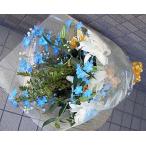  лилия * роза * дельфиниум. букет бесплатная доставка подарок.!!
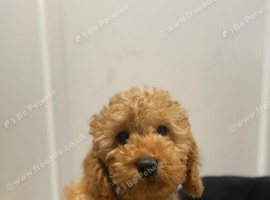 Last F1B Female Fully Vaccinated Cockapoo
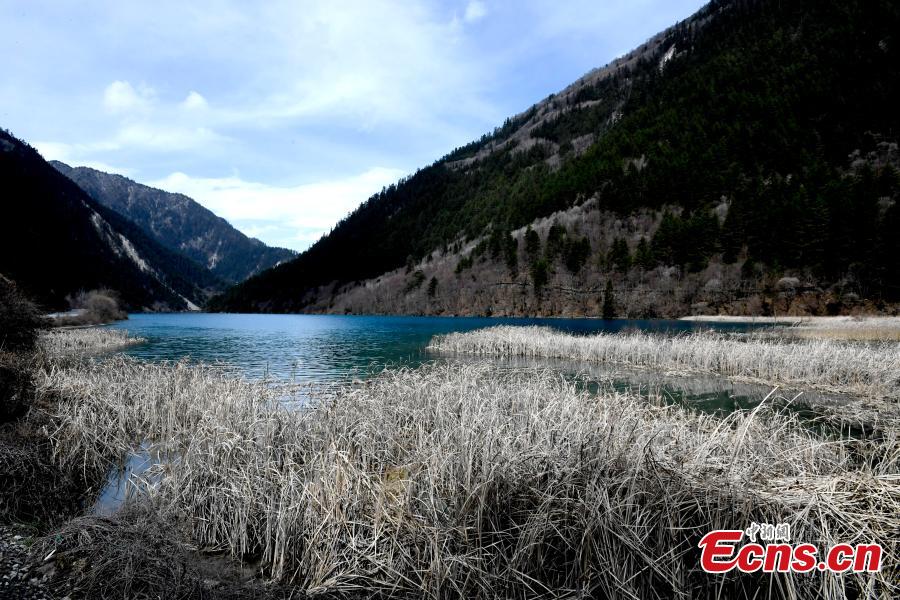 Snow and ice begin to melt as spring arrives in the Jiuzhaigou Valley Scenic Area in Sichuan Province, a UNESCO world heritage site, March 25, 2019. Jiuzhaigou, which literally means \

───

*EXERCISE OBJECTIVE*
Using the listing above, write out exactly the lines from the one that holds "Last F1B Female Fully Vaccinated Cockapoo" through the last line, both included, and omit pictures.

*SOLVED EXERCISE*
 Last F1B Female Fully Vaccinated Cockapoo
 Snow and ice begin to melt as spring arrives in the Jiuzhaigou Valley Scenic Area in Sichuan Province, a UNESCO world heritage site, March 25, 2019. Jiuzhaigou, which literally means \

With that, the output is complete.